Image-text web data:
╭──
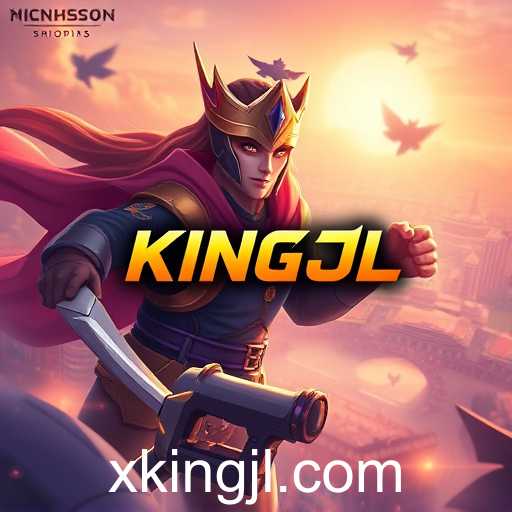 The Rise of 'kingjl' in Online Gaming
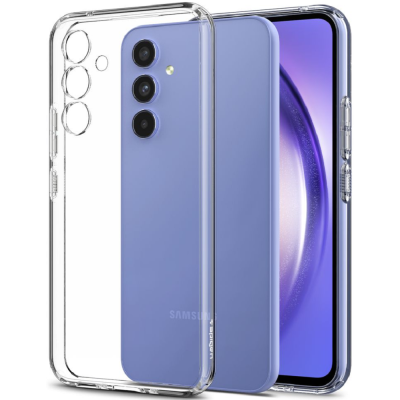 Spigen Liquid Crystal Θήκη Σιλικόνης Samsung Galaxy A54 - Crystal Clear (ACS05889)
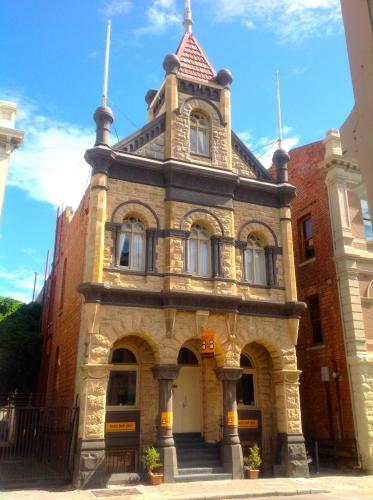Fremantle Bed & Breakfast - The Basin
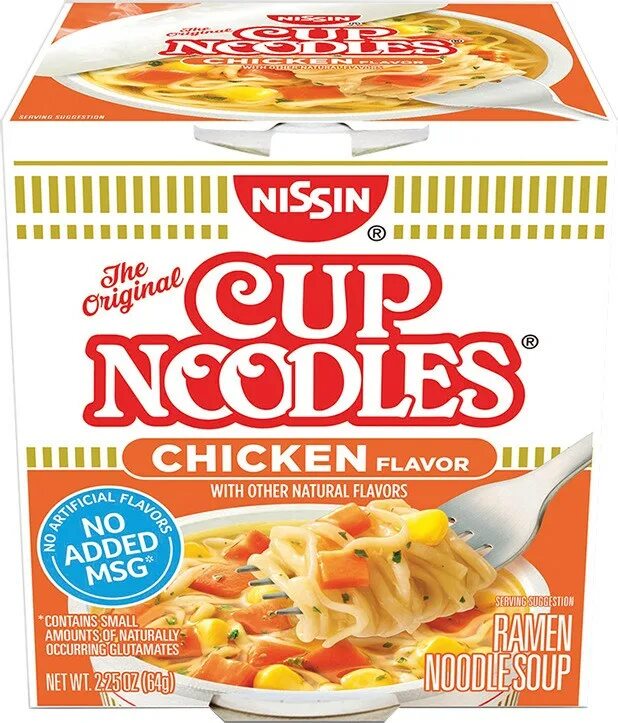 Cup лапша. Nissin Cup Noodles. Лапша быстрого приготовления Cup Noodles. Лапша Nissin Cup. Лапша Nissin Cup с курицей 64гр.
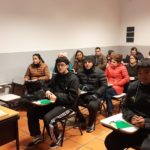 Dio inicio el curso de Auxiliar en Instalaciones Eléctricas en Capital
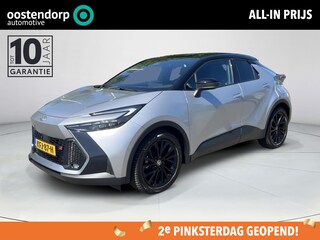 Toyota C-HR 2.0 Hybrid 200 GR SPORT PLUS | Navigatie | Apple CarPlay/Android auto | Elektrische achterklep | Stuur en stoelverwarming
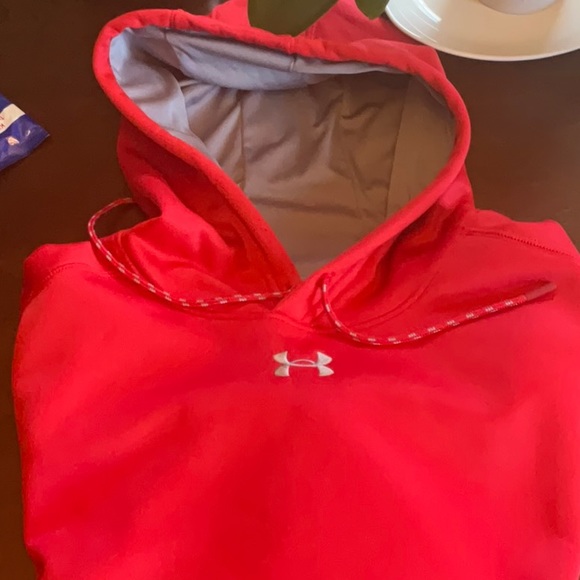 Under Armour hoodie - Picture 1 of 4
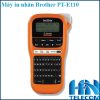 Máy in nhãn PT-E110 Brother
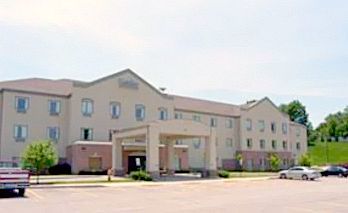 Comfort Inn and Suites OFallon
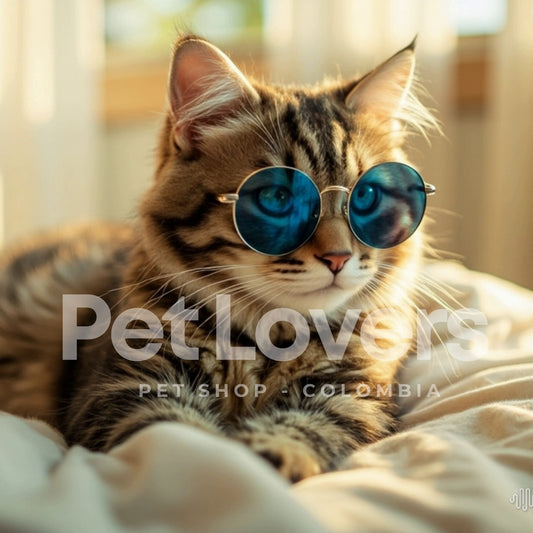 CatStyle™ | Gafas de Sol para Gatos con Estilo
╰──
ASSIGNMENT: Begin at the line containing "Dio inicio el" and stop at the final line of the data. Retype those lines exactly, without the pictures.

ANSWER TO THIS TASK:
 Dio inicio el curso de Auxiliar en Instalaciones Eléctricas en Capital
 Toyota C-HR 2.0 Hybrid 200 GR SPORT PLUS | Navigatie | Apple CarPlay/Android auto | Elektrische achterklep | Stuur en stoelverwarming
 Under Armour hoodie - Picture 1 of 4
 Máy in nhãn PT-E110 Brother
 Comfort Inn and Suites OFallon
 CatStyle™ | Gafas de Sol para Gatos con Estilo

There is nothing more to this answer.